I can't see any good use for this: emails that self-destruct after a time limit. I can see lots of bad uses, mainly revolving around destroying evidence. I also wonder about the forwarding-prevention - it seems like currently, if you forward an email in the usual thoughtless, top-quoted manner, you're inadvertently attaching a pretty useful audit trail to the message as well. Now, you'll just cut and paste the body into a new mail, forcing you to consider not, say, including any of the headers.

Microsoft: enablers of plausible deniability.
ext_8707: Taken in front of Carnegie Hall (quiet)

[identity profile] ronebofh.livejournal.com 2003-10-20 07:31 am (UTC)(link)
I know a kid who was working on that crap. Some businesses seem to really want that as a feature, mostly because of liability issues combined with a painful brand of ignorance that only some management people can have.

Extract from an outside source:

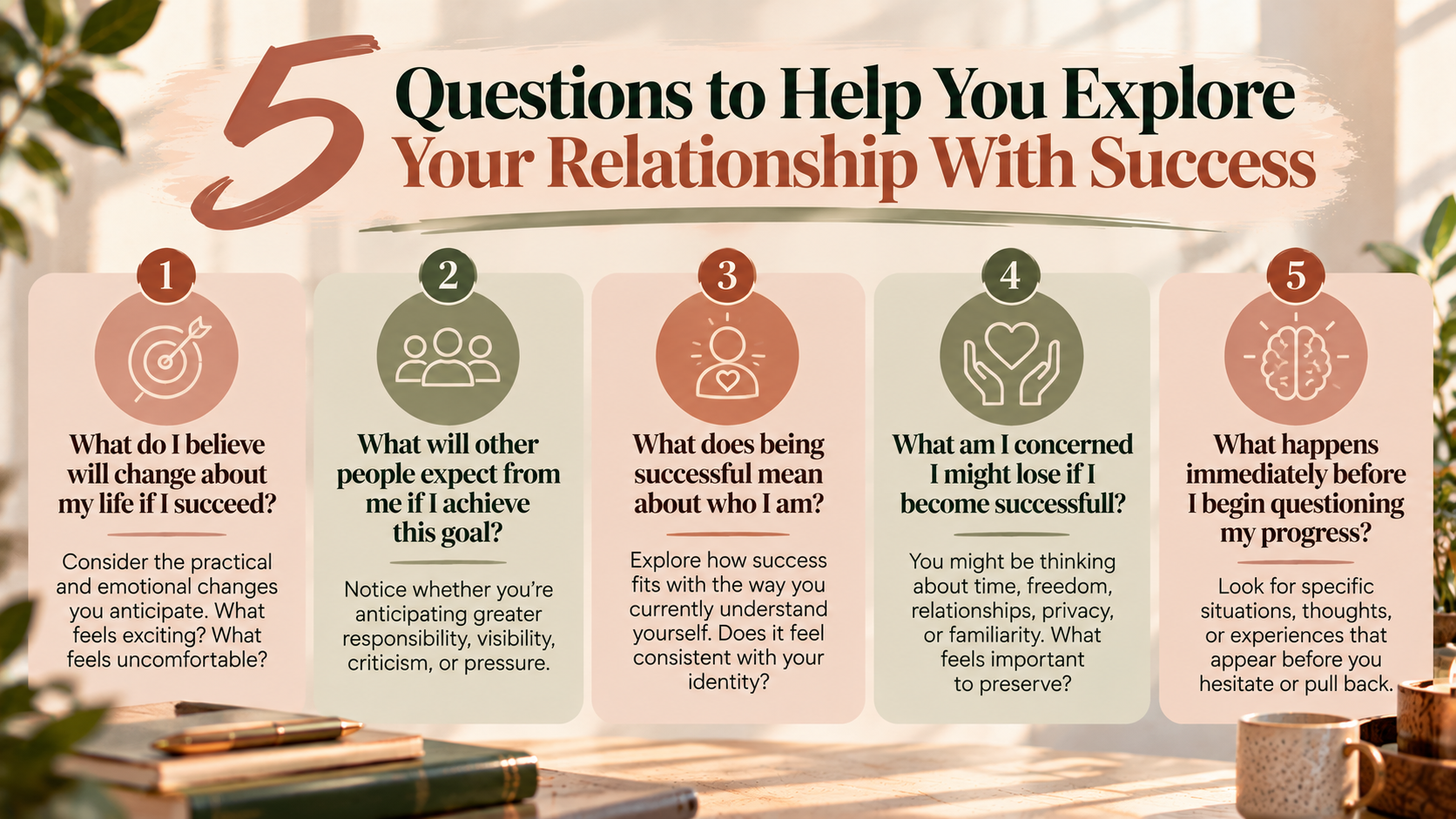 Horizontal infographic featuring five self-reflection questions about fear of success, including anticipated life changes, others’ expectations, personal identity, fear of loss, and hesitation when making progress.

As i've said before, it'll all end in tears.
ext_181967: (Default)

[identity profile] waider.livejournal.com 2003-10-20 07:34 am (UTC)(link)
I've just thought of another fun use for it: mailing out temporary activation keys. not only does the software on your disk expire at some point, but the mail that contained the key also expires. *bamf*

[identity profile] grumpy-sysadmin.livejournal.com 2003-10-20 10:26 am (UTC)(link)
Maybe if we're lucky that chain of events will continue: the saleslime that suckered someone into paying for the technology will disappear in the night, followed by the company that sells it being delisted from NASDAQ and filing for bankruptcy.

[identity profile] ikkyu2.livejournal.com 2003-10-20 07:47 pm (UTC)(link)
People are already trying to send me these things at Columbia, hotbed of academic paranoia that it is.

I find it annoying and have set my filters to autoreject them.